### Exercise
Print the records below exactly, from the line containing "The oxygen s" down to the line containing "山东李氏-李氏支谱.pdf电子版插图", both lines included, and omit every picture.

### Data section
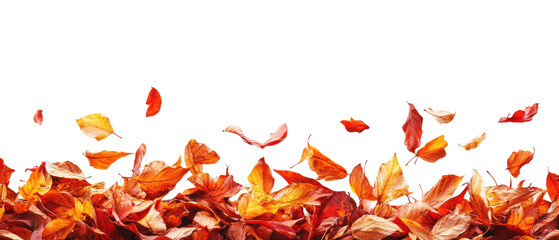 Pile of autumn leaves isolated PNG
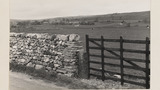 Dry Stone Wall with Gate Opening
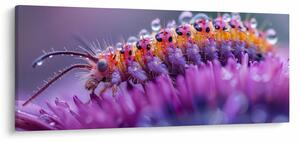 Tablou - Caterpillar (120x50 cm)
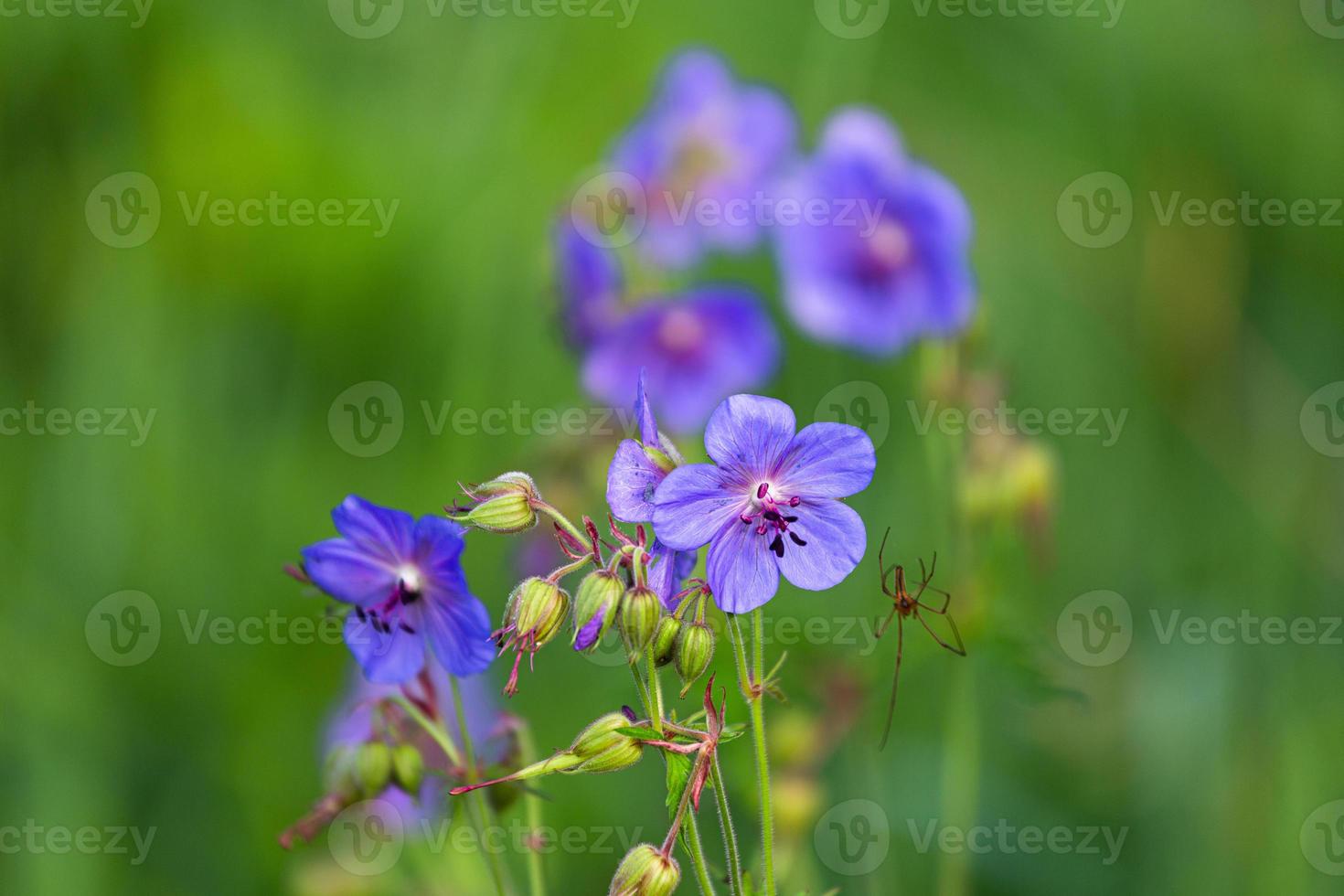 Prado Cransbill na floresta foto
--
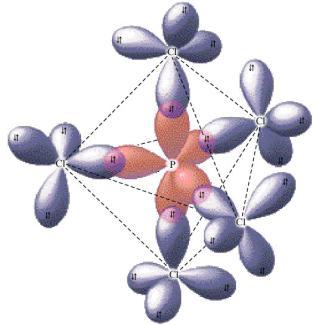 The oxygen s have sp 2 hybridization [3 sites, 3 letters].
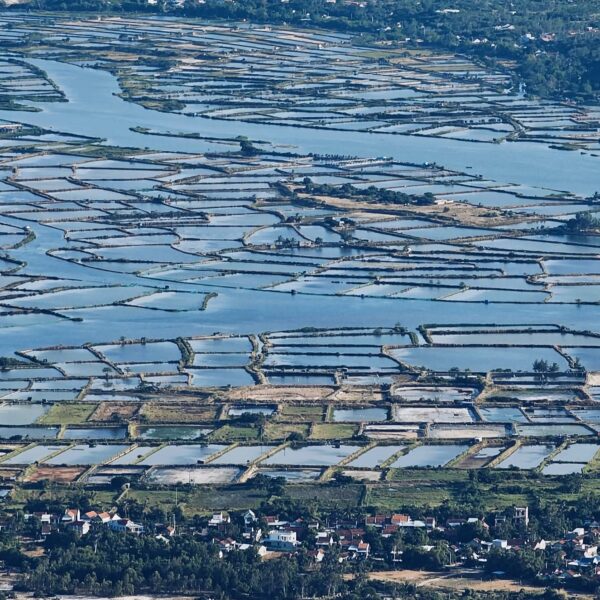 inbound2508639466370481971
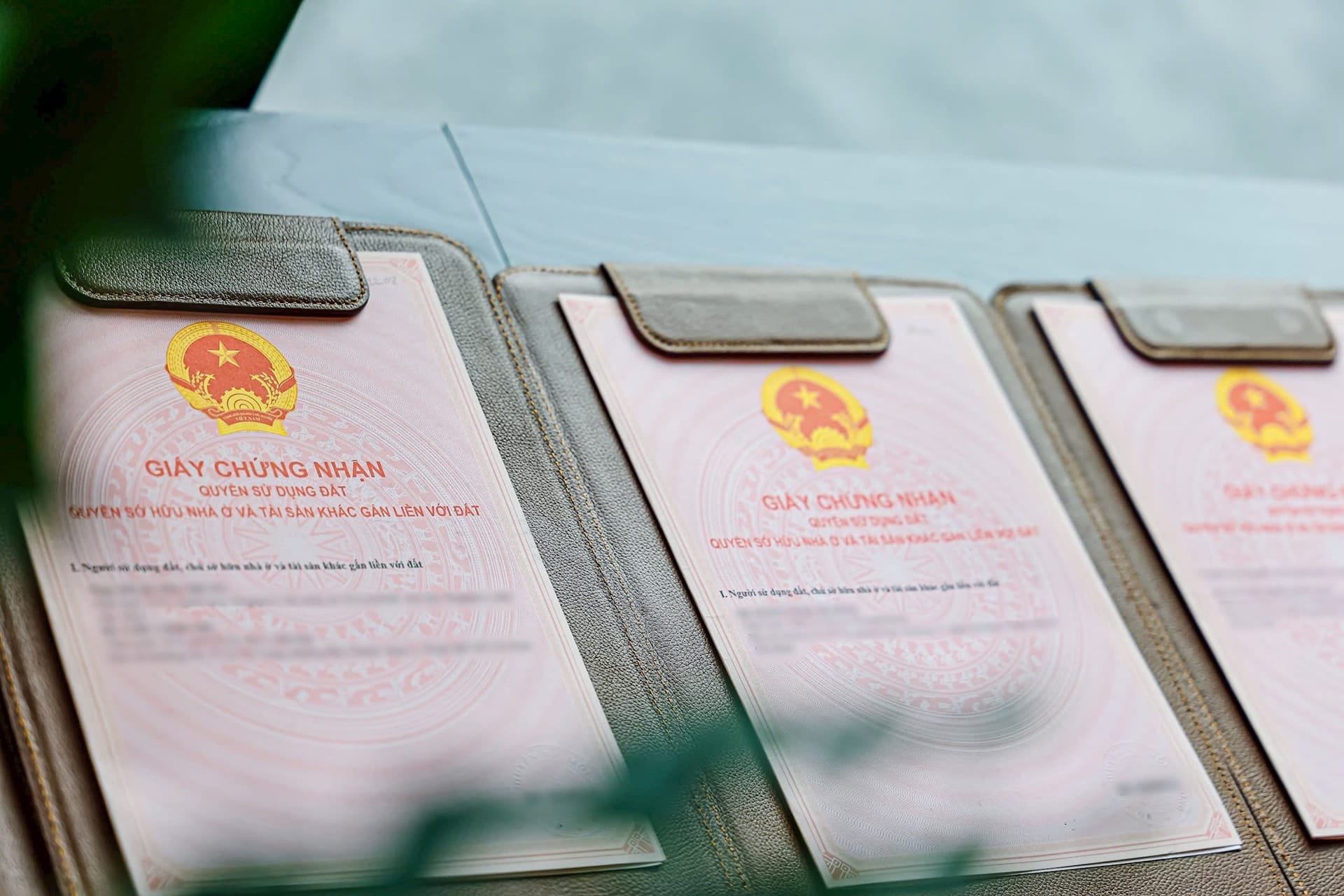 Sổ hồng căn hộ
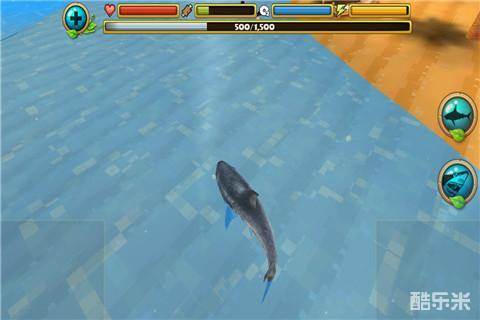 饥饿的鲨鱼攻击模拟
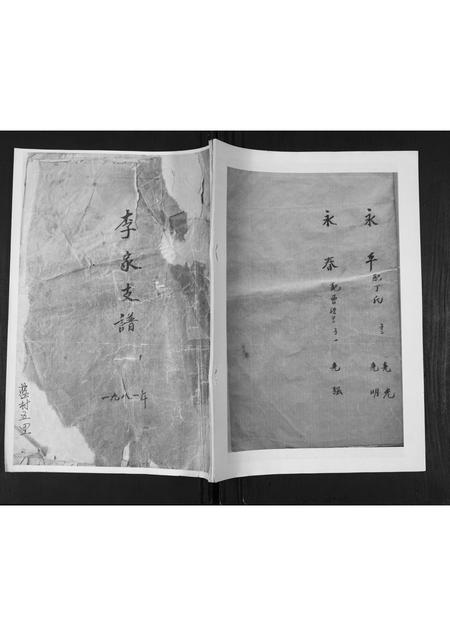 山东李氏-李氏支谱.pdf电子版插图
---
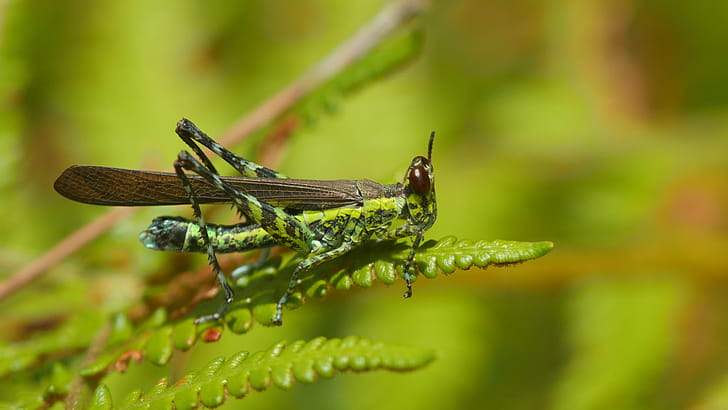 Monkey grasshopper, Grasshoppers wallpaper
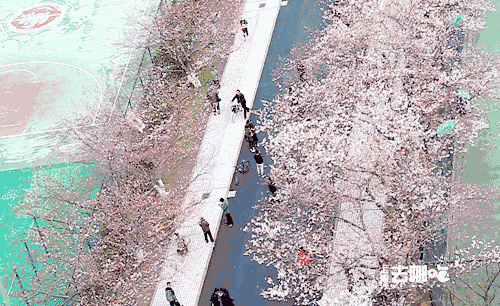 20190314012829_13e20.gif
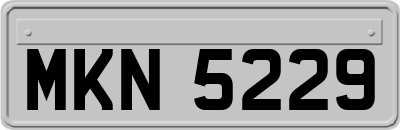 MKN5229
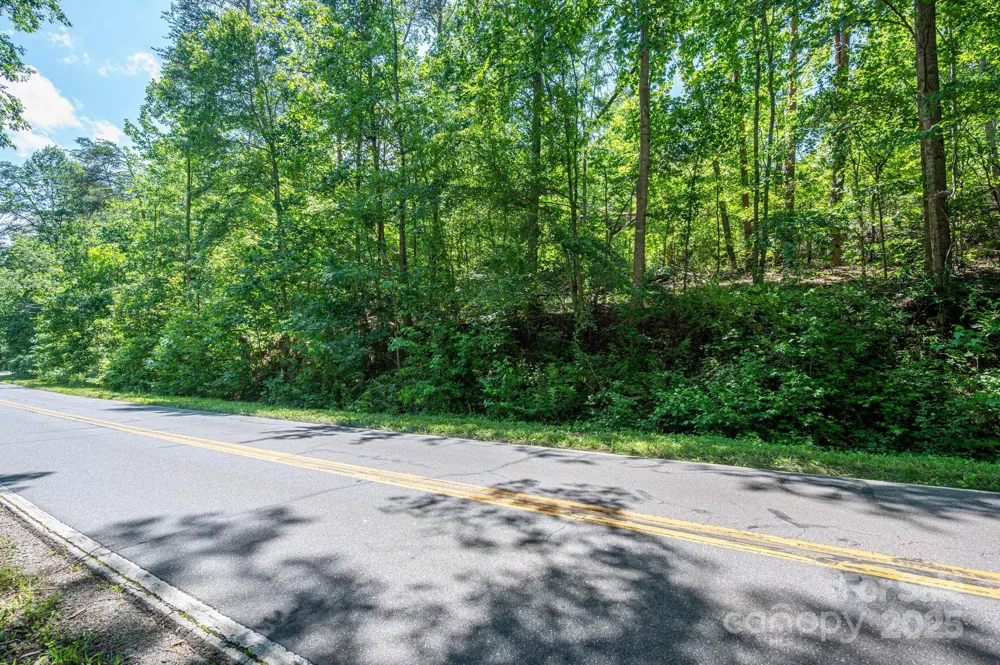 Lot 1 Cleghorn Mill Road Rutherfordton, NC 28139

### Answer area
 The oxygen s have sp 2 hybridization [3 sites, 3 letters].
 inbound2508639466370481971
 Sổ hồng căn hộ
 饥饿的鲨鱼攻击模拟
 山东李氏-李氏支谱.pdf电子版插图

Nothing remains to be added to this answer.